Когда эскадра Корнилова входила в Синопскую бухту, перед ней предстало следующее зрелище: «Большинство турецких фрегатов ещё горело, и когда пламя доходило до заряженных орудий, происходили сами собой выстрелы, и ядра перелетали над ними… Весь рейд и наши корабли ярко были освещены пожаром…»

Один из очевидцев описал встречу двух друзей-адмиралов: «Мы проходим совсем близко вдоль линии наших кораблей, и Корнилов поздравляет командиров и командиры отвечают восторженными криками «ура». Подойдя к кораблю «Мария» (флагманскому Нахимова), мы садимся на катер нашего парохода и отправляемся на корабль, чтобы поздравить… Мы поднимаемся, и оба адмирала кидаются в объятия друг друга…»

«Бой в 2 часа 30 минут почти прекратился, — записано в шканечном журнале корабля «Три Святителя». — Правый фланг турецкой эскадры был окончательно сломлен, между тем как на левом были слышны изредка выстрелы с фрегата «Дамиад»; «Париж» продолжал бить по нему из всех орудий».

«К трём часам канонада смолкла, бой был окончен совершенно. Неприятельской эскадры не существовало».

15 уничтоженных судов из 16. Ни один русский корабль не потерян.

Проста до какого-то гордого, справедливо гордого лаконизма эта последняя фраза.

«Михаил Петрович Лазарев, вот кто сделал всё-с», — скажет потом его гениальный ученик Нахимов.

Вот оно — русское искусство побеждать и только русским присущее умение скромно замалчивать заслуги.

После окончания Крымской войны, когда печальная слава Черноморского флота была на устах у оставшихся в живых свидетелей севастопольской эпопеи, в течение почти двух десятилетий страниц русских журналов, альманахов и газет не покидал жанр воспоминаний. В них близкому эху недавно отгремевших орудий отзывались дневниковые записи и мемуары флаг-офицеров, капитанов и других служивых людей. Героические военные будни можно было воссоздать по ним день за днём. Те же, кто лично знал, служил под начальством или даже просто слышал о Корнилове и Нахимове, старались силами своего творчества внести лепту в увековечивание этих исторических деятелей. Долгое время почти ни один выпуск «Морского сборника» [123] не выходил без публикации, где бы не упоминалось об адмиралах. И безусловно, что любой новый штрих, любая новая их оценка, появлявшиеся в печатных органах, приобретали особенно важное значение и получали широкий отклик общественного мнения.

В этой связи и стоит обратиться к одной забытой на сегодняшний день полемике, которая проливает дополнительный свет как на историю тех славных дней, так и даёт нам новые сведения для биографии её видных участников — адмиралов В.А.Корнилова и П.С.Нахимова. Сама эта полемика началась необычно. В конце 1867 года, в период благоговейного почитания знаменитых соотечественников, в журнале «Русский Архив» была опубликована статья «Из записок севастопольца», принадлежавшая перу анонимного автора и содержавшая ряд откровенно клеветнических высказываний в адрес героев обороны Севастополя [124].

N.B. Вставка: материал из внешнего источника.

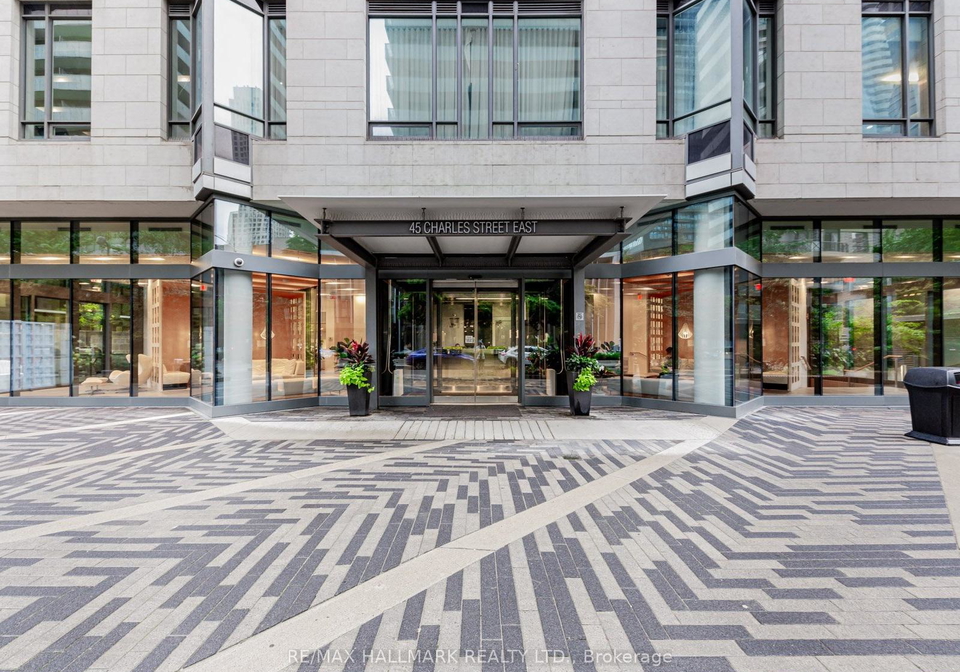 45-charles-street-e-toronto-ontario-c12890788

Эта публикация явилась поводом для написания целого ряда статей, полных благородного негодования и опровержений всего её содержания:

«…Дерзкое анонимное сочинение, осмеливающееся называть себя историческими записками», «уродливое явление нашей современной литературы»; «нашим морякам никогда и в голову не приходило, чтобы было возможно так непочтительно, так дерзко, так оскорбительно относиться к памяти тех из славных защитников Севастополя, именами которых по всей справедливости более всего гордится наша морская семья. Эти имена — имена наших героев, адмиралов Нахимова и Корнилова!..» — писал «Кронштадтский вестник», первым откликнувшийся на появление «Записок».

Сюжет той «пьесы», которую сочинил автор «Записок», сводится, в сущности, к одному эпизоду — блестящей победе русского флота при Синопе 18 ноября 1853 года. Но автор начинает издалека и прослеживает служебную деятельность обоих адмиралов — Корнилова и героя Синопа Нахимова, «разрабатывая» их характеры. Первый предстаёт перед читателями карьеристом и честолюбцем, второй — аморфным, безвольным и недалёким служакой, жертвой честолюбивых помыслов первого.

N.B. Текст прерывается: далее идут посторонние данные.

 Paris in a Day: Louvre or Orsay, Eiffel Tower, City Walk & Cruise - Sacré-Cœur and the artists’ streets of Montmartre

Автор одной из ответных статей писал, что аноним «делает нас свидетелями той потаённой шахматной игры, которая будто бы разыгрывалась тогда между знаменитыми защитниками Севастополя… Для успеха этой жалкой пьески, очевидно диктованной чувствами зависти и злости и составляющей самую заметную часть сочинения, автору необходимо было выставить Нахимова… неопасным противником Корнилова, который собирался разыграть «ту увертюру начинавшейся кампании», исполнение которой он якобы предоставлял собственно себе»; лица, описанные анонимом, «вовсе не походят на те, какими были в действительности».

Нетрудно представить, каким оскорблением чести Черноморского флота прозвучало это публичное выступление. Оно вызвало бурю возмущения. «Кто и во имя какого права смеет бросать в эту свежую могилу доблести камень позора? И неужели наши общесознанные в народе заслуги не могут охранить нашу святыню от кощунства?» — такие гневные возгласы в тот момент были не редкостью.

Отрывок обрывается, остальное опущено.